A la caída de la tarde, el contrabajo, la marímbula, el bongó, el güiro y las maracas doblaban la esquina y penetraban en fila en una casa llena de gente. Los músicos se instalaban en el patio, bajo farolillos de color, y el primer son cundía como una marejada por sobre los techos vecinos. Los hombres, en mangas de camisa, luciendo tirantes tornasolados y cinturón de hebilla dorada, comenzaban a girar lentamente, abrazados a las mujeres de trata conseguidas por la dueña. Se bailaba en la sala, en el comedor y en la habitación dé Juana, en cuya cama yacían, revueltos, sombreros, cuellos y americanas. La fiesta seguía sus fases previstas, en una atmósfera de bestialidad y lujuria triste, hasta que algún borracho comenzara a ponerse pesado… Los músicos no eran privados de arroz con pollo ni ron.

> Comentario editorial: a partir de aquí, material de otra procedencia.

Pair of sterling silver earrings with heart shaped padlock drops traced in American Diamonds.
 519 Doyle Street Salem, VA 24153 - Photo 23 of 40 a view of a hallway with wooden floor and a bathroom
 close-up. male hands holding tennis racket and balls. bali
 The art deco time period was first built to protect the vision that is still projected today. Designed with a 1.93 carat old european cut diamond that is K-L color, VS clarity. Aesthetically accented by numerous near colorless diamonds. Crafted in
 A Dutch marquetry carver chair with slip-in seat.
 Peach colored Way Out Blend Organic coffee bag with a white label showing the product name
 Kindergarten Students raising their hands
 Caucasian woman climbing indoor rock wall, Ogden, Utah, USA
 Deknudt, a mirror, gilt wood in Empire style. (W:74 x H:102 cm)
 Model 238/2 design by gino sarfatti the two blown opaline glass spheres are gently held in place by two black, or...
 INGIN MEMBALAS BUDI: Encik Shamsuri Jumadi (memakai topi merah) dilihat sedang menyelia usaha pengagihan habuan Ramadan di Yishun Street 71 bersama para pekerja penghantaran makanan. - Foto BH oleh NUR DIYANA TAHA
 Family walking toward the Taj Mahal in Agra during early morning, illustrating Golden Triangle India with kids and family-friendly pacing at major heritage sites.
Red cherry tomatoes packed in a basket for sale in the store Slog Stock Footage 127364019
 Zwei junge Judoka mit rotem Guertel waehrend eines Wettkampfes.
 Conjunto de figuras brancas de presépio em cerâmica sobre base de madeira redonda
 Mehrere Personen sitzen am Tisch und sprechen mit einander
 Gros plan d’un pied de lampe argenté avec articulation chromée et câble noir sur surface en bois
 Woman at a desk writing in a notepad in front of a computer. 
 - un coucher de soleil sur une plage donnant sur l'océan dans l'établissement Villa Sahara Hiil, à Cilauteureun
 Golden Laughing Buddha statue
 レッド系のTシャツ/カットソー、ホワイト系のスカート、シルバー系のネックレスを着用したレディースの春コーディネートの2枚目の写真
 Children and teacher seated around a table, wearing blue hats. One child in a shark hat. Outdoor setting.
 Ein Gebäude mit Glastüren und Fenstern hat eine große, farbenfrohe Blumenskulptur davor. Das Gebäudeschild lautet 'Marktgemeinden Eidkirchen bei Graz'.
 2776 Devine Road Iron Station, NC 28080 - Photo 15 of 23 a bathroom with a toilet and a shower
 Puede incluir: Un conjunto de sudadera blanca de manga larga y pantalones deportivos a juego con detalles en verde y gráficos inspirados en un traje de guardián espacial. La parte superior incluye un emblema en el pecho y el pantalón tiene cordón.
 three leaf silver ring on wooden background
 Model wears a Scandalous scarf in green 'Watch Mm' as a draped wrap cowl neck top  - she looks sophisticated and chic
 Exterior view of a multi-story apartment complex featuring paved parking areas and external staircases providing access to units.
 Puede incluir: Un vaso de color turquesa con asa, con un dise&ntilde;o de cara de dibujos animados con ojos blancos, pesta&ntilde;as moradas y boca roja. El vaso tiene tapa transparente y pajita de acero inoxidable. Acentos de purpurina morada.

Pero, para obtener algunos pesos, había que hacer el elogio cantado de algún invitado. El concejal Uñita, Aniceto Quirino (“para senador”), y el representante Juan Pendiente eran sujetos siempre propicios. Pronto nacía un montuno laudatorio:
Muchas vocaciones de estadistas brotaban de este modo en los bailes de Juana Lloviznita. Y Menegildo regresaba al solar con dos pesos en el pañuelo. Había trabajado y se “había diveltío”, que era lo principal.